Awaiting execution for his crimes, Verdoux says to a journalist, “One murder makes a villain…millions a hero. Numbers sanctify my good friend.”

Transcript of Verdoux’s final remarks to the court during his trial in Monsieur Verdoux:

Judge: Monsieur Verdoux, you have been found guilty, have you anything to say before sentence is passed upon you?
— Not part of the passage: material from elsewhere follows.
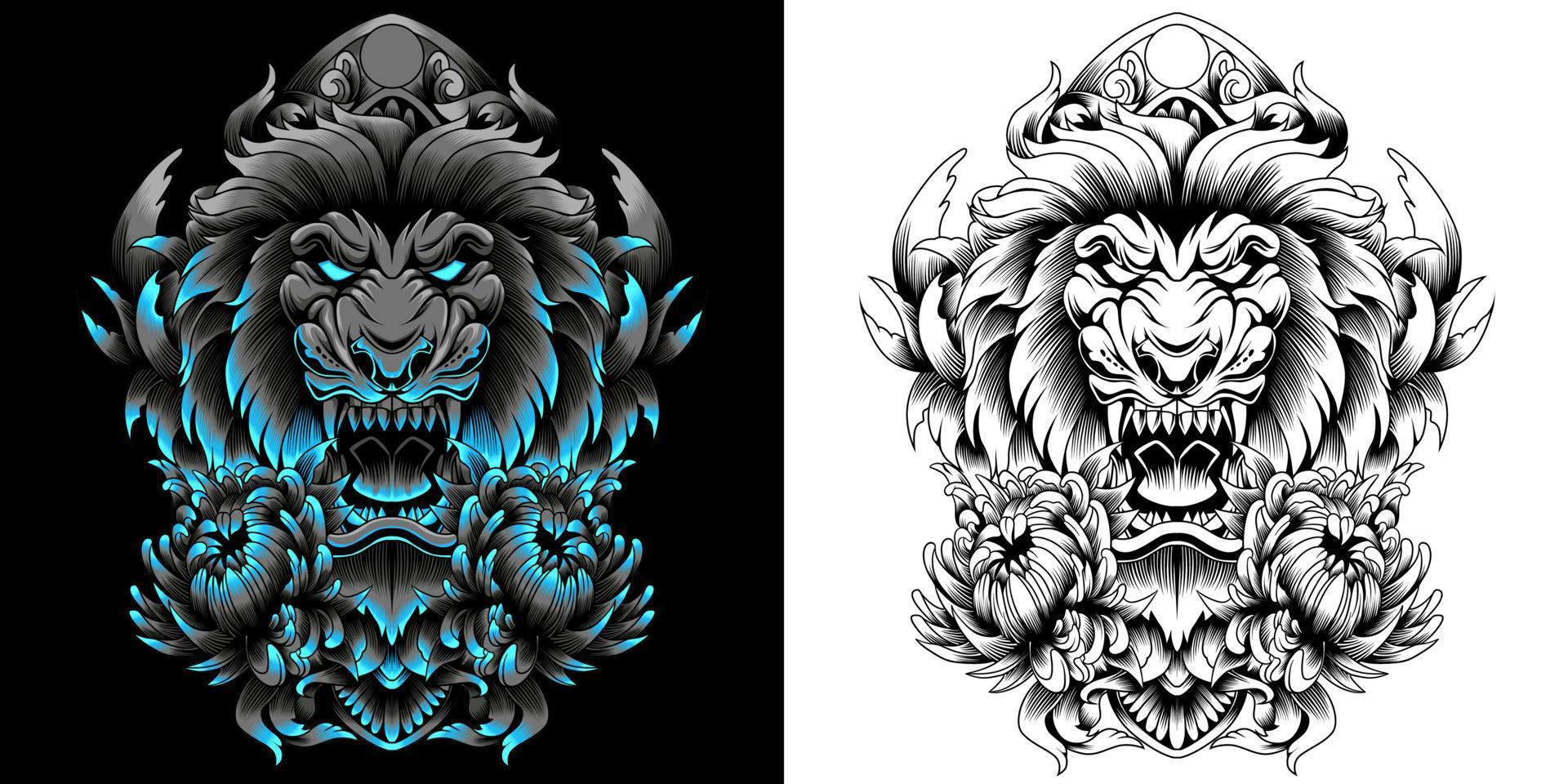 lion head with flower and ornament around vector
Verdoux: Oui, Monsieur, I have. However remiss the prosecutor has been in complimenting me, he at least admits that I have brains. Thank you Monsieur, I have. And for thirty five years I used them honestly, after that… nobody wanted them. So I was forced to go into business for myself. As for being a mass killer, does not the world encourage it? Is it not building weapons of destruction for the sole purpose of mass killing? Has it not blown unsuspecting women and little children to pieces, and done it very scientifically? As a mass killer, I am an amateur by comparison. However I do not wish to lose my temper, because very shortly I shall lose my head. Nevertheless, upon leaving this spark of earthly existence, I have this to say…..I shall see you all very soon…… very soon…

From Monsieur Verdoux, Copyright © Roy Export S.A.S. All rights reserved

Monsieur Verdoux, 1947
Monsieur Verdoux, 1947

The following lines were deleted from the speech, presumably to satisfy the Breen office:
“To be shocked by the nature of my crime is nothing but a pretence… a sham! You wallow in murder… you legalize it… you adorn it with gold braid! You celebrate it and parade it! Killing is the enterprise by which your System prospers, upon which your industry thrives!”

Extract from a letter from the Breen Office to Chaplin, part of some correspondence concerning ‘necessary’ censorship of the film before its release: “Verdoux’s claim is, derivatively, that it is ridiculous to be shocked by the extent of his atrocities, that they are a mere “comedy of murders” in comparison with the legalized mass murders of war, which are embellished with gold braid by the ‘System’.”

Naturally, Verdoux’s claim did not find favour with the censorship officials.